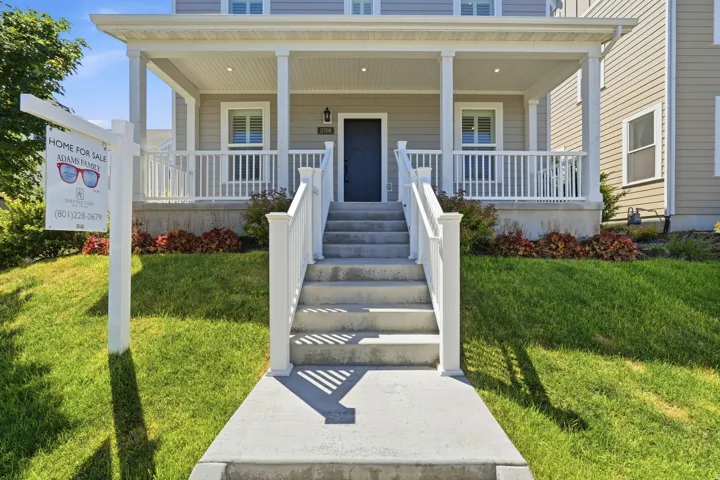 Inviting front porch with white railings and columns, featuring a dark blue entry door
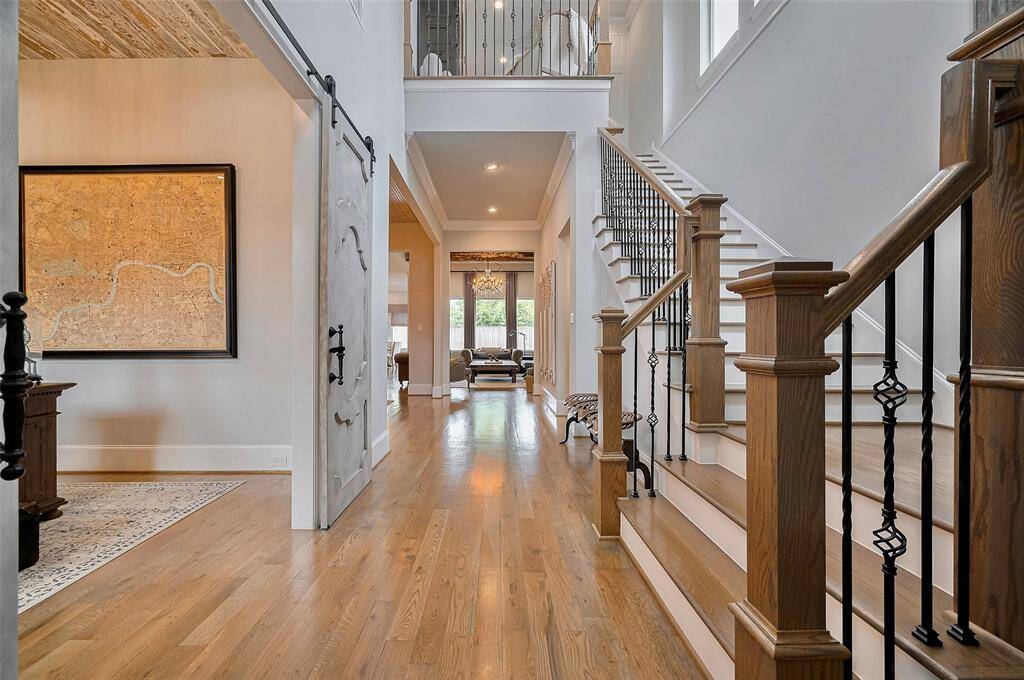 Step into a light-filled foyer that sets the tone for the elegance found throughout the home. Natural light pours in, highlighting the open, airy design and the fine details that greet you upon entry.
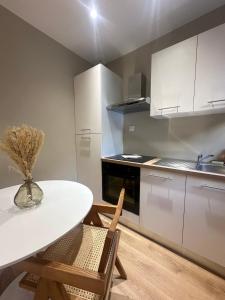 Appartements Suite by CollectionAura Centre Charleville : photos des chambres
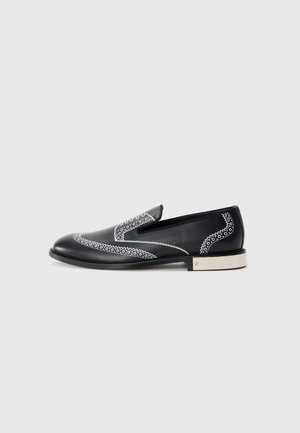 Melna ādas loafers kurpes ar baltu dekoratīvo šuvumu un metāla akcentu uz papēža, ar gludu tekstūru un plūstošu siluetu.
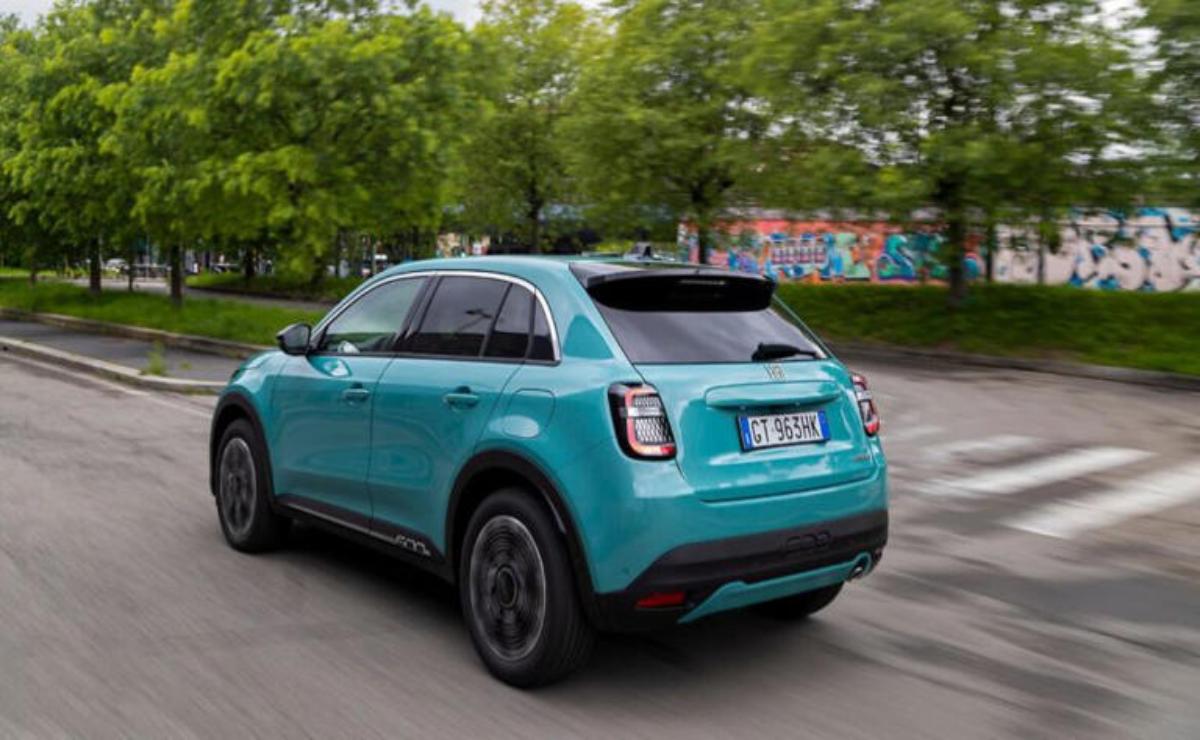 A teal compact SUV driving on a road with greenery and a graffiti wall in the background.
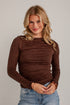 A woman with blonde hair wearing a brown long-sleeve ruched top and blue jeans, standing against a white brick wall.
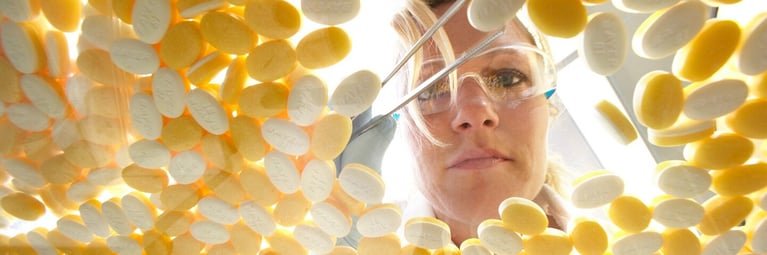 researcher-with-aspirin-tablet-1440x480.jpg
= = = = = = =
Task
Extract exactly the lines above from the line containing "A woman with" through the last one, both ends included, but not the pictures.

Answer to the problem
 A woman with blonde hair wearing a brown long-sleeve ruched top and blue jeans, standing against a white brick wall.
 researcher-with-aspirin-tablet-1440x480.jpg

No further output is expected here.